Namun permainan mutakhir tidak memberikan hikmah, seperti halnya disuguhkan oleh permainan zaman dulu, yang sekarang dianggap permainan tradisional, seperti:
- Mengenal karakter teman main: si cengeng, si mau menang sendiri, si pengalah, dan seterusnya, dengan cara "melihat" langsung perilakunya.
- Dengan mengenalnya, sedikit banyak juga akan mengetahui keluarganya.
- Sehat secara fisik, karena sebagian permainan menggunakan otot dan mengeluarkan energi.

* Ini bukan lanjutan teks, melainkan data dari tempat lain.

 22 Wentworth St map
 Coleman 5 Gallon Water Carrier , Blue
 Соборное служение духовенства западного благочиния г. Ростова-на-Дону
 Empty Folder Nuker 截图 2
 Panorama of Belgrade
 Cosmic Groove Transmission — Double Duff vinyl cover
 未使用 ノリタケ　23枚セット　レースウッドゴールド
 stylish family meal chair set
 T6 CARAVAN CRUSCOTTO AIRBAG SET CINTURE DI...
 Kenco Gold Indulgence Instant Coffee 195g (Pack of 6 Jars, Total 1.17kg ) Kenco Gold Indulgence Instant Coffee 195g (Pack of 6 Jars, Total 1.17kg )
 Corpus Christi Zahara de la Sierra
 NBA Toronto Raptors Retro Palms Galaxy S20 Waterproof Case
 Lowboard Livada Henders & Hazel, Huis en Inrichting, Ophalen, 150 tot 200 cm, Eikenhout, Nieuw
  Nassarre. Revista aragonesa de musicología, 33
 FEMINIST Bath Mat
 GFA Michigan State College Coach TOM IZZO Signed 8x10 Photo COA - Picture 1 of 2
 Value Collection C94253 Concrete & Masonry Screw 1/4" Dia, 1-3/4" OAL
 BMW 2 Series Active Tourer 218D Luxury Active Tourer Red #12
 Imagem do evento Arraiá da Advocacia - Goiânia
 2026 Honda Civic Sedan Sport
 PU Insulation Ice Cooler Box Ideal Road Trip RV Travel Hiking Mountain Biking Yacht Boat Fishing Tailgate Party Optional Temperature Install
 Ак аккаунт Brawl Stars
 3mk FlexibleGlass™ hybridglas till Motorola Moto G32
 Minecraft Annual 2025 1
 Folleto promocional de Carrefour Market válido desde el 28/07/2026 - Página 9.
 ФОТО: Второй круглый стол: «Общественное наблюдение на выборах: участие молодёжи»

- Secara tidak langsung, belajar tentang ketaatan pada aturan, di mana permainan berkenaan dengan sistem tata cara.
- Membiasakan anak berinteraksi secara sosial.
- Mengajarkan nilai-nilai kebaikan yang bermanfaat bagi perkembangan anak.
- Anak mendapatkan kebahagiaan dengan mengekspresikan keinginan untuk bergurau, tertawa, bergembira menurut alam pikirnya.
Akhirnya, terbersit keinginan saya untuk kembali ke masa itu, yang bagaimanapun mustahil terjadi. Hidup bukan seperti pita seluloid yang dapat diputar-ulang, lalu menayangkan kembali kebahagiaan masa kecil.
Kita hanya bisa memutar-ulang di dalam kepala: Nostalgia Suasana Ramadan Masa Kecil
Bagi anak zaman now, berlakulah sebaik-baiknya menjalani hidup. Sekalipun film perjalanan hidup direkam secara digital, ia tidak bisa diputar ulang untuk mengembalikan masa lalu.